▶ [Exercise aim] Beginning with the line that contains "In-room dining 4, Sandy" and ending with the line that contains "кулиса Opel Astra", reproduce the lines of the entries below exactly, omitting pictures.

[Supplied records Boundary: Start]

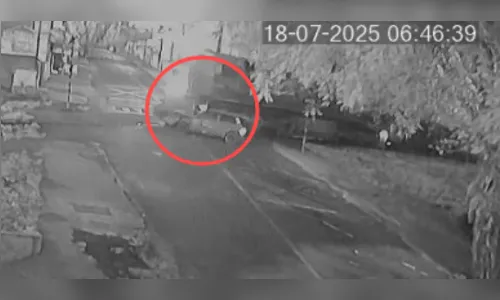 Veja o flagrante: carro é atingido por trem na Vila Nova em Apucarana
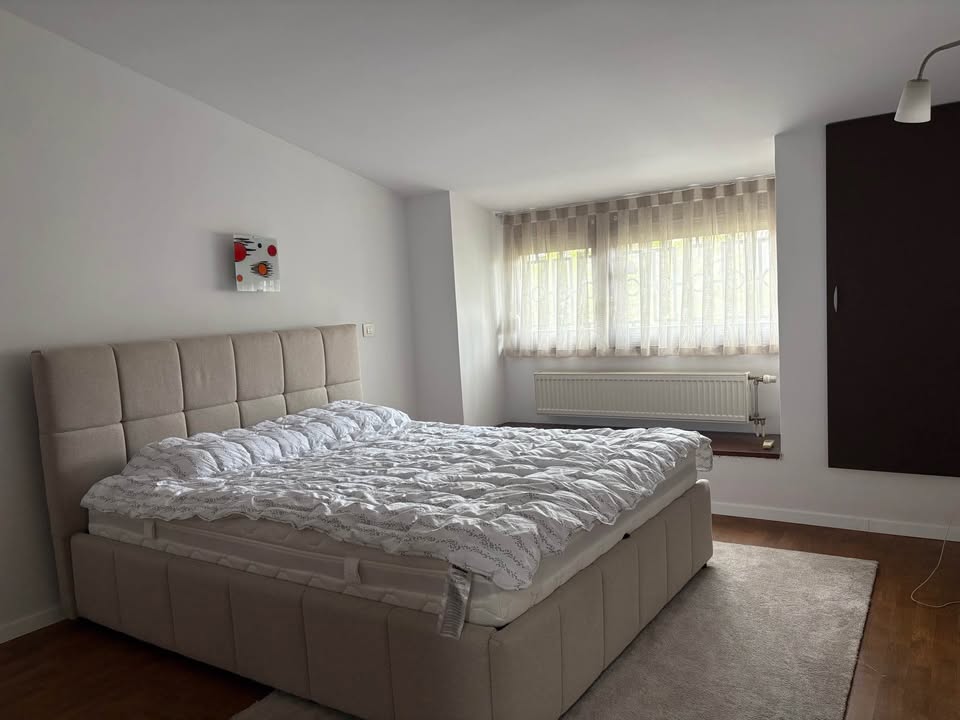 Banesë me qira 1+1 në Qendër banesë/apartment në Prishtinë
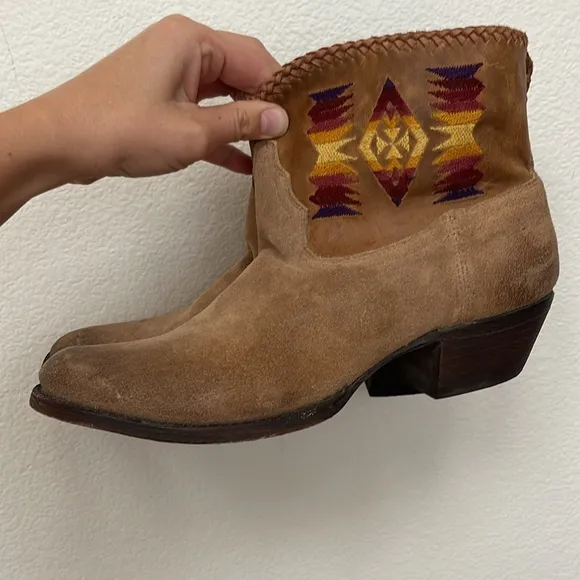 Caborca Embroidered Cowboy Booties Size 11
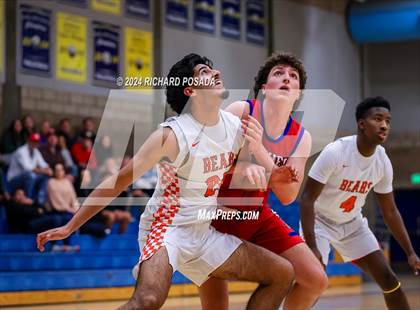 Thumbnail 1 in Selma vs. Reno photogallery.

[Supplied records Boundary: End]
[Supplied records Boundary: Start]

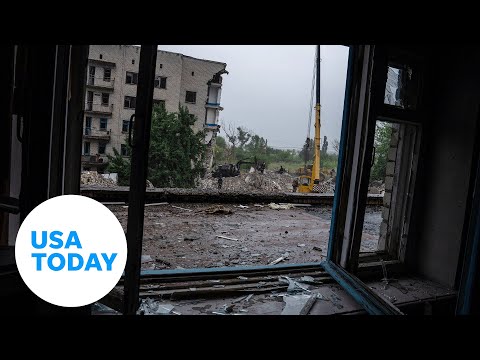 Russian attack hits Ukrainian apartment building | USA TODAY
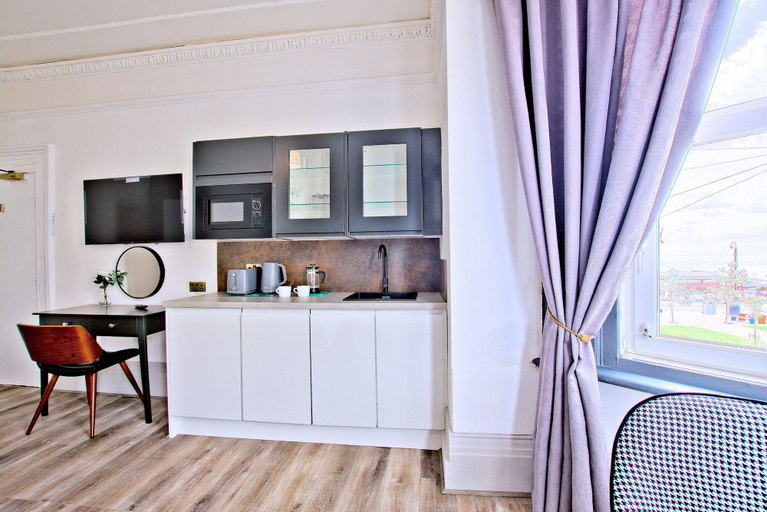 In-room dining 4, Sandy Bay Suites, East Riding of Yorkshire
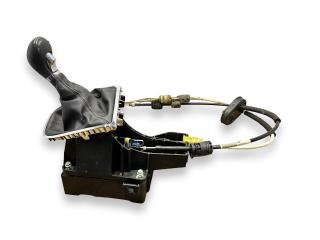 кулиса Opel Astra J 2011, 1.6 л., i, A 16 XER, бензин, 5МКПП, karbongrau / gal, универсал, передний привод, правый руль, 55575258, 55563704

[Supplied records Boundary: End]

▶ [Task solution]
 In-room dining 4, Sandy Bay Suites, East Riding of Yorkshire
 кулиса Opel Astra J 2011, 1.6 л., i, A 16 XER, бензин, 5МКПП, karbongrau / gal, универсал, передний привод, правый руль, 55575258, 55563704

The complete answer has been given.